(1.) THIS is a reference under S. 256(1) of the IT Act, 1961, (hereinafter referred to as the Act). The assessee is an individual and the relevant assessment year was 1962 63, the " previous year "being the calendar year ending on 31st Dec., 1961. The assessee derived income from various sources, viz., interest on securities, dividends and share of profits of two partnership firms. These two firms were Dhirajlal Khushaldas & Brothers and Dhirajlal Chunilal & Co. We are concerned in the present reference with the firm of Dhirajlal Khushaldas & Bros. The assessee owned a car and in his individual assessment he claimed 50 per cent of his running expenses and 50 per cent of the depreciation, aggregating to Rs. 6,024, as deductible expenditure contending that the motor car was used by him for the discharge of his duties as a partner in the partnership concern of Dhirajlal Khushaldas & Bros. This claim of Rs. 6,024 was disallowed by the ITO, firstly, on the ground that though there was a provision for deduction of interest from such income of share of profits in a partnership firm, under S. 67(3) of the Act, there was no such provision for other expenses ; and the second ground was that, whatever expenditure pertained to the business carried on by the firm, was properly debitable to the account of the firm and not to the assessment of the income of the partners. Against the decision of the ITO, there was an appeal by the assessee ; and the AAC upheld the disallowance of these motor car expenses on the ground that there was no clause in the partnership deed enjoining the assessee to maintain a car for the business of the firm and in the absence of such a clause, commercial expediency of the conveyance expenditure could not be said to have been made out. The assessee took the matter in further appeal to the Tribunal and the Tribunal upheld the orders passed by the authorities below on the ground that the terms of the instrument of partnership did not fasten upon the assessee any liability of incurring expenses claimed so that he should be in a position to earn his share of profit. The Tribunal further observed that if any conveyance charges were incurred for the purpose of the business of the firm in which the assessee was a partner, they would be an admissible charge against the income of the firm ; and that it was not open to a partner in a firm to claim any deduction which would have been claimed by the firm.

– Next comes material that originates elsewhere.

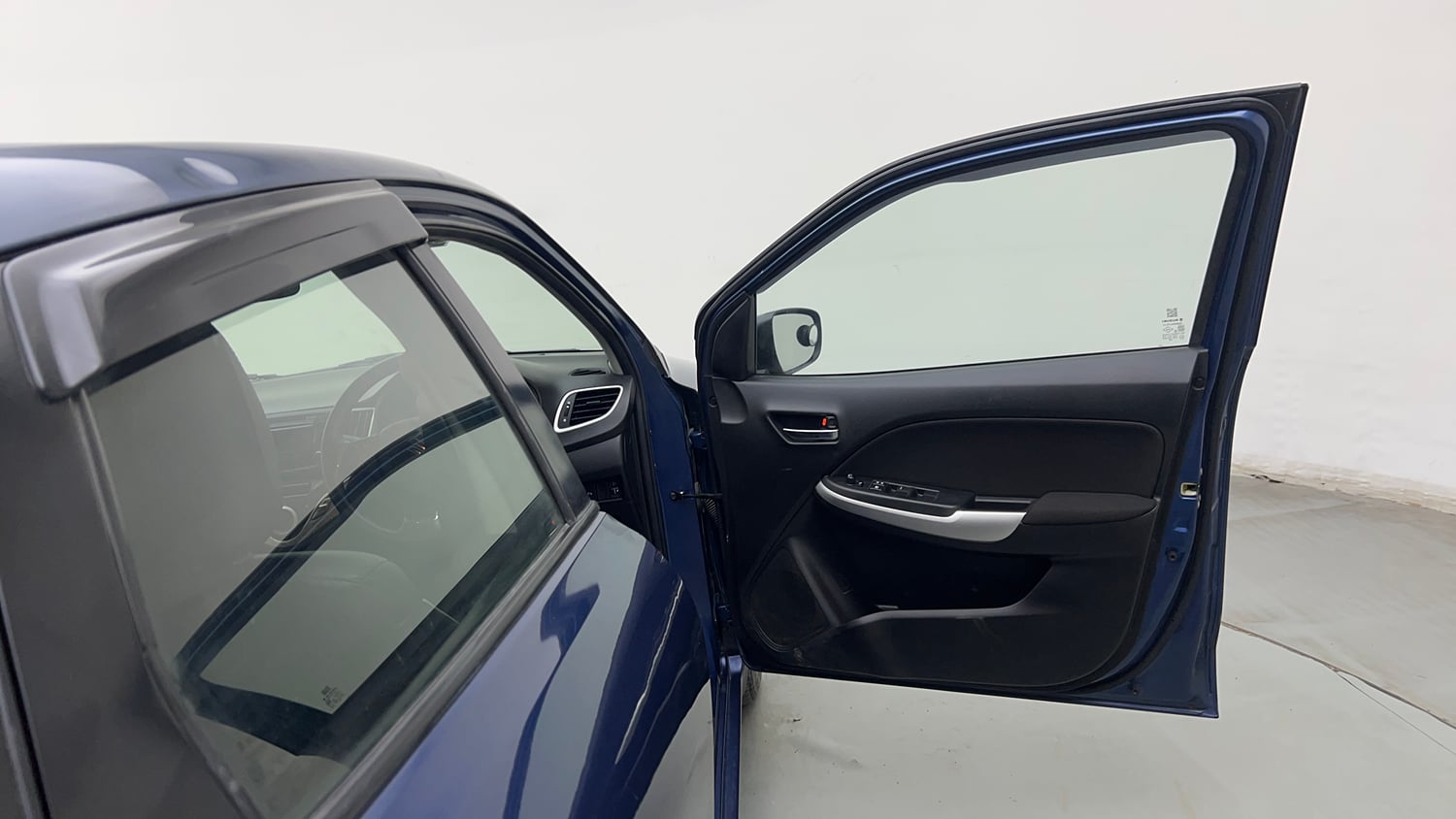 Used 2017 Maruti Suzuki Baleno Delta 1.2 Petrol Manual interior RIGHT FRONT DOOR OPEN VIEW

(2.) THEREAFTER , at the instance of the assessee, the following question has been referred by the Tribunal to this Court under S. 256(1) of the Act, viz. :
(3.) UNDER S. 37 of the Act, any expenditure not being expenditure of the nature described in S. 30 to 36 and not being in the nature of capital expenditure or personal expenses of the assessee, laid out or expended wholly and exclusively for the purposes of the business or profession shall be allowed in computing the income chargeable under the head " Profits and gains of business or profession ". This provision in the Act of 1961 is the same as the provision set out in S. 10 (2)(xv) of the Act of 1922, and the decisions on S. 10(2)(xv) of the 1922 Act have a direct bearing on the interpretation of S. 37(1) of the Act.